**ABOUT THIS TASK:** Skip the pictures and restate, word for word, the lines from the one containing "Geographic Tongue Causes" to the end of the data below.

(WORKING DATA)

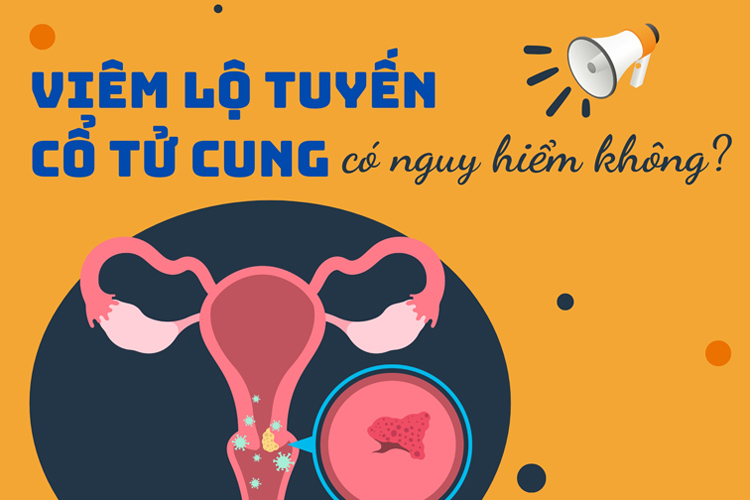 Viêm cổ tử cung - Nguyên nhân và triệu chứng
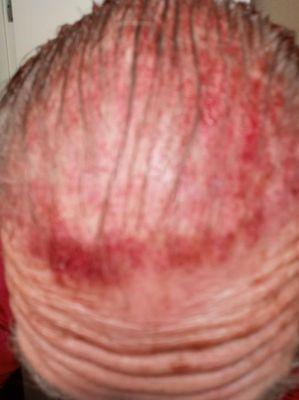 Micro needling PRP plasma again. Over $14,000 in medical treatment attempting to repair chemically burnt scalp from incompetent hair dresser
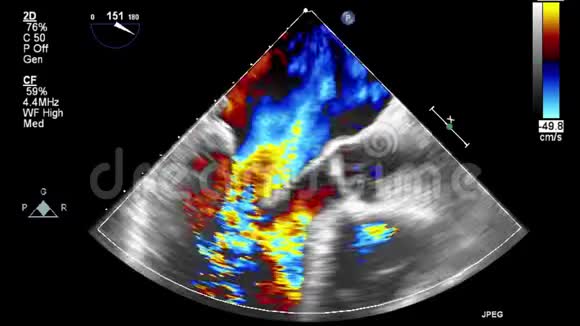 经食管超声检查心脏视频的预览图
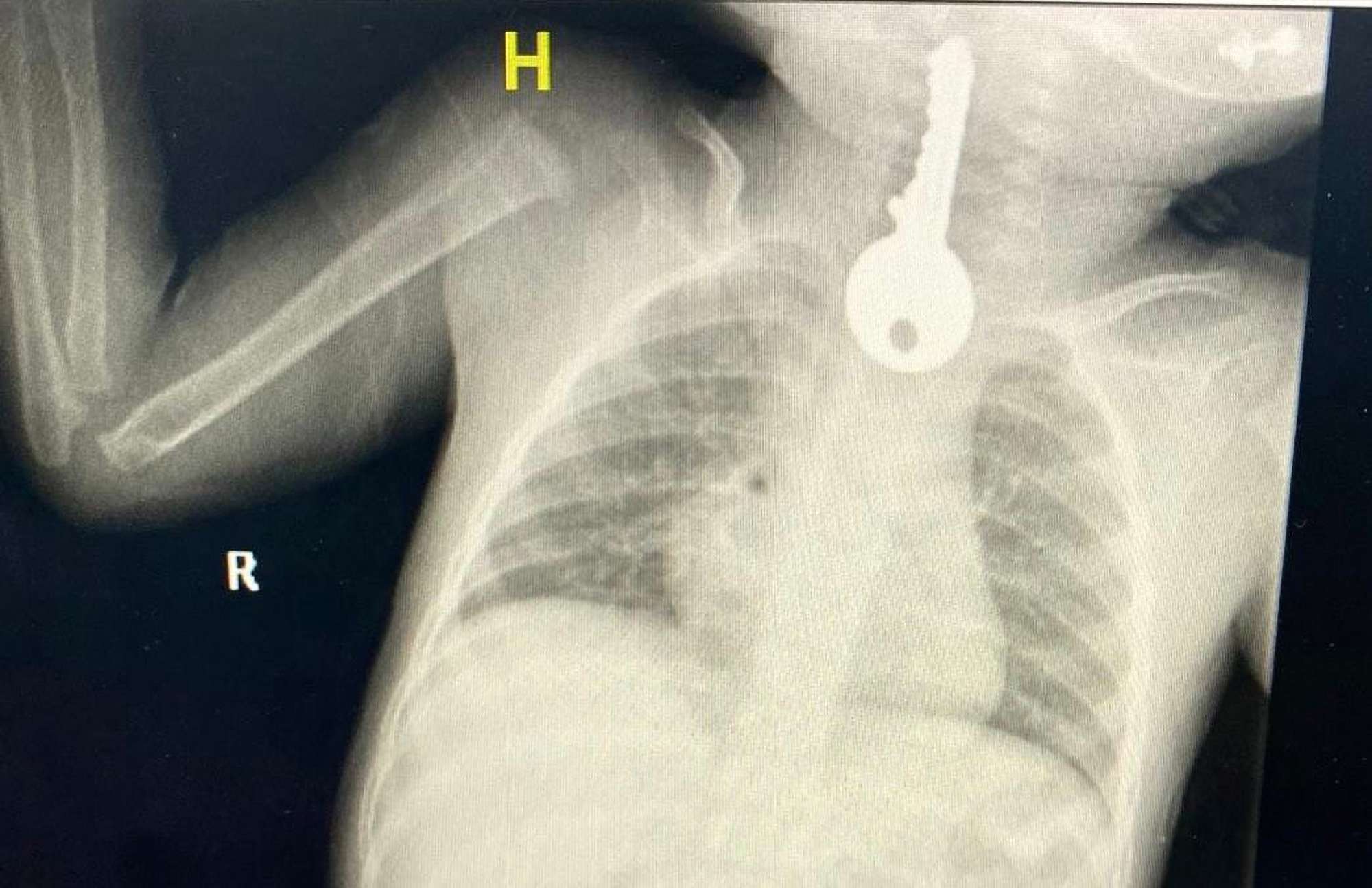 Read more about the article Young Boy Saved After He Swallowed Metal Key That Was Stuck In His Chest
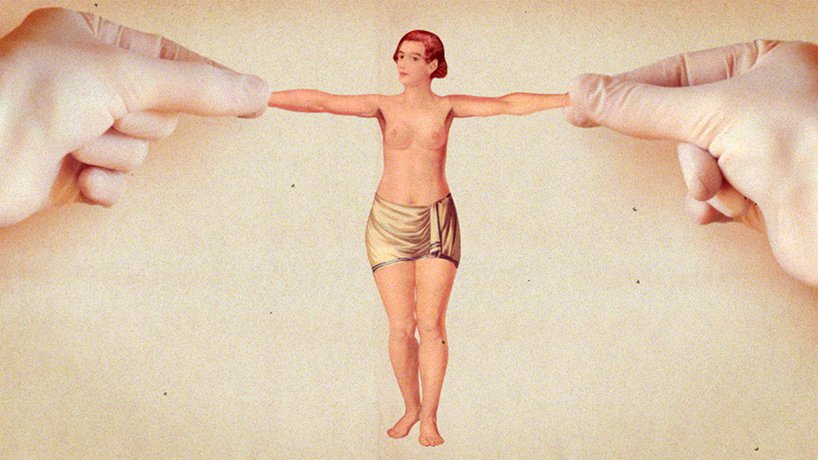 Supervenus Frederic Doazan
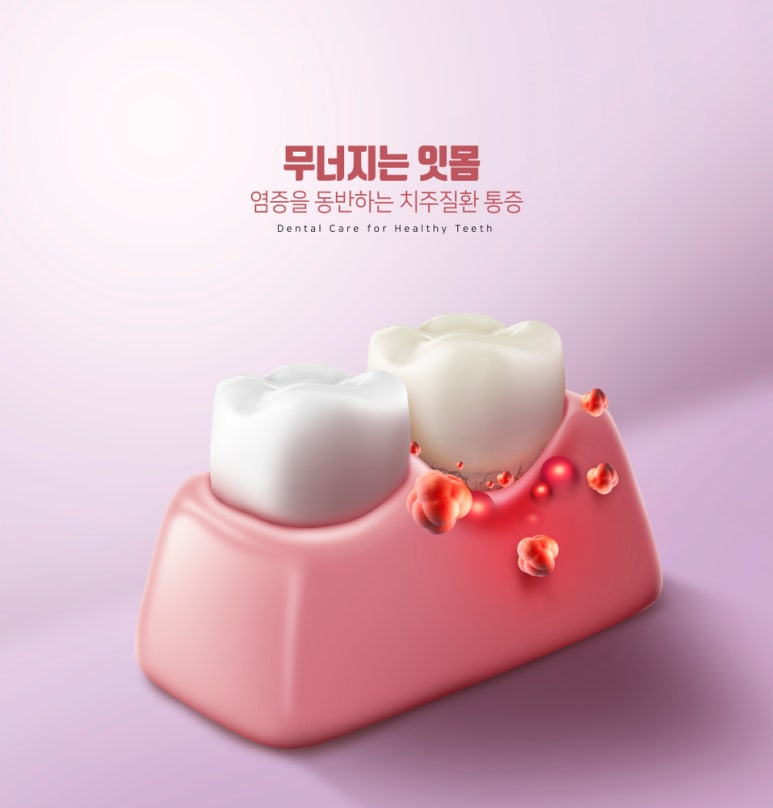 Why You Should Go to the Dentist Even When Your Teeth Don’t Hurt image 10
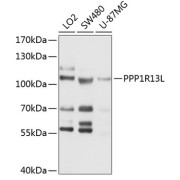 Western blot analysis of extracts of various cell lines using PPP1R13L Antibody (1/1000 dilution).
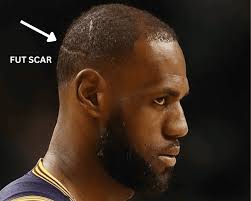 LeBron James Hair Transplant l Before and After
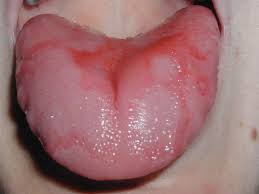 Geographic Tongue Causes Pictures And Treatment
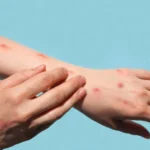 How Allergy Shots Can Help You Live a Better Allergy-Free Life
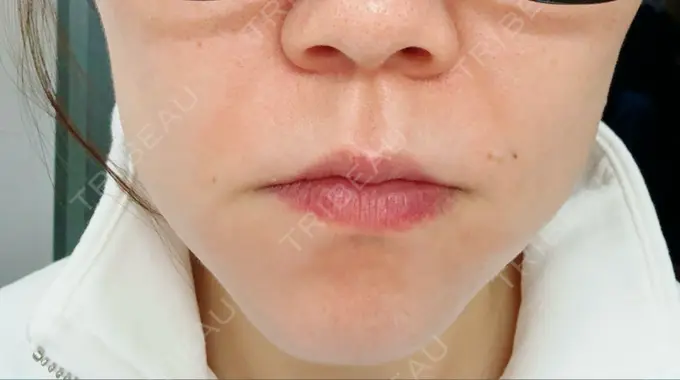 肌ヒアルロン酸注入（たるみ・シワ改善） 豊洲内科・糖尿病 / 形成・美容外科クリニック DAY 0 メイン用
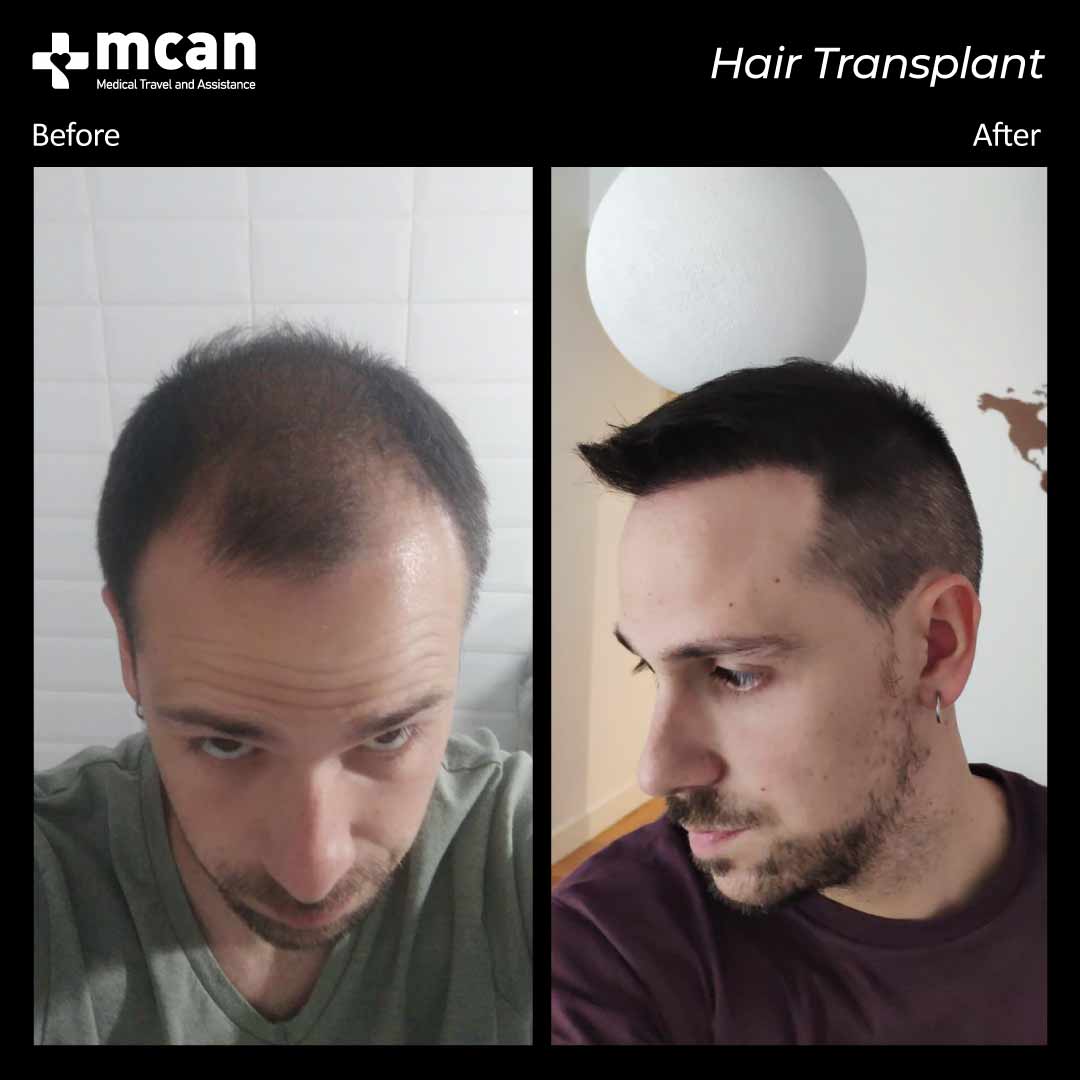 hair transplant turkey before after 150321018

(End WORKING DATA)

**EXPECTED ANSWER:**
 Geographic Tongue Causes Pictures And Treatment
 How Allergy Shots Can Help You Live a Better Allergy-Free Life
 肌ヒアルロン酸注入（たるみ・シワ改善） 豊洲内科・糖尿病 / 形成・美容外科クリニック DAY 0 メイン用
 hair transplant turkey before after 150321018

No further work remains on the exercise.